Luckily, she has a best friend, a similarly undiscovered girl with whom she shares the everyday adventures of a 1970s American girlhood, incidents through which a world is revealed, and character is forged.
In time, their friendship is tested-- by their families' claims on them, by a clique of popular girls who stumble upon them as if they were found objects, and by the first, startling, subversive intimations of womanhood.
With dry wit and piercing observation, Jo Ann Beard shows us that in the seemingly quiet streets of America's innumerable Zanesvilles is a world of wonders, and that within the souls of the awkward and the overlooked often burns something radiant and unforgettable.
The fourteen young narrator in this coming of age novel is at times funny yet poignant.
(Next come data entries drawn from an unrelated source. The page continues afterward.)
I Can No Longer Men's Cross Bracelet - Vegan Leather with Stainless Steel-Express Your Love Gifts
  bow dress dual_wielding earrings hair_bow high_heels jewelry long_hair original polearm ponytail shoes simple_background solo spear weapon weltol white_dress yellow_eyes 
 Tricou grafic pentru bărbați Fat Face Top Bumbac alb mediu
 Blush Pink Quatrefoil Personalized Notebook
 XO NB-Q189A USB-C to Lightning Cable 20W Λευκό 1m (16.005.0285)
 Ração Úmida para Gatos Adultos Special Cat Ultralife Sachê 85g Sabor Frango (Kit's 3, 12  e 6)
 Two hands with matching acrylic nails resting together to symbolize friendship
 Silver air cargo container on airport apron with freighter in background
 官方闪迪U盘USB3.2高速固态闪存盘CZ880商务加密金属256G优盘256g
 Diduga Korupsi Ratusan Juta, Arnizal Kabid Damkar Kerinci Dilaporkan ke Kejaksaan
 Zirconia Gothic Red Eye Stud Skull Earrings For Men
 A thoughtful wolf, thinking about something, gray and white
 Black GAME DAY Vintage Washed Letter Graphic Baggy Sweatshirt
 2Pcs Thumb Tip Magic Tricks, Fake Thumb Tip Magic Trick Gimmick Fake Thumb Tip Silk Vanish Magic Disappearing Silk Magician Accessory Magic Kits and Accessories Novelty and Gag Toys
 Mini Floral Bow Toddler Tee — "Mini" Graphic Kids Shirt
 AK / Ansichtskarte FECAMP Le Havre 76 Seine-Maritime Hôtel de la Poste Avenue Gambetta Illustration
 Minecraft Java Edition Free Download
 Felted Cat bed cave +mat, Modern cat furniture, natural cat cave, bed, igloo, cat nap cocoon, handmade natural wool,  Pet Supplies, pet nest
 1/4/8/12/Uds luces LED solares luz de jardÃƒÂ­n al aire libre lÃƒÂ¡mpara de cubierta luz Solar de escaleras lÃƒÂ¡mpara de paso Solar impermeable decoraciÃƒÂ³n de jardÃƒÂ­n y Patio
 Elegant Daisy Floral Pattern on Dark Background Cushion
She and her best friend "Flea", short for Felicia, spend almost all of their time together. Determined to have new school clothes for the fall, they take on a big babysitting job for the summer. But the kids don't listen and the parents are surreal.
Their own parents are a bit eccentric as well. The girls spend alot of time camping out in Flea's familys camper, just so they can play with kittens from a nearby garage, even though they aren't allowed pets. The girls then run into some popular girls and their friendship is tested.
All the while they are going through all of the feelings that teens go through from their childhood years into teenage years into adulthood. They question, their emotions run high and they make and learn from mistakes. All set in a small town, this was a nice coming of age story. Beard writes in an inviting way as to capture the readers attention.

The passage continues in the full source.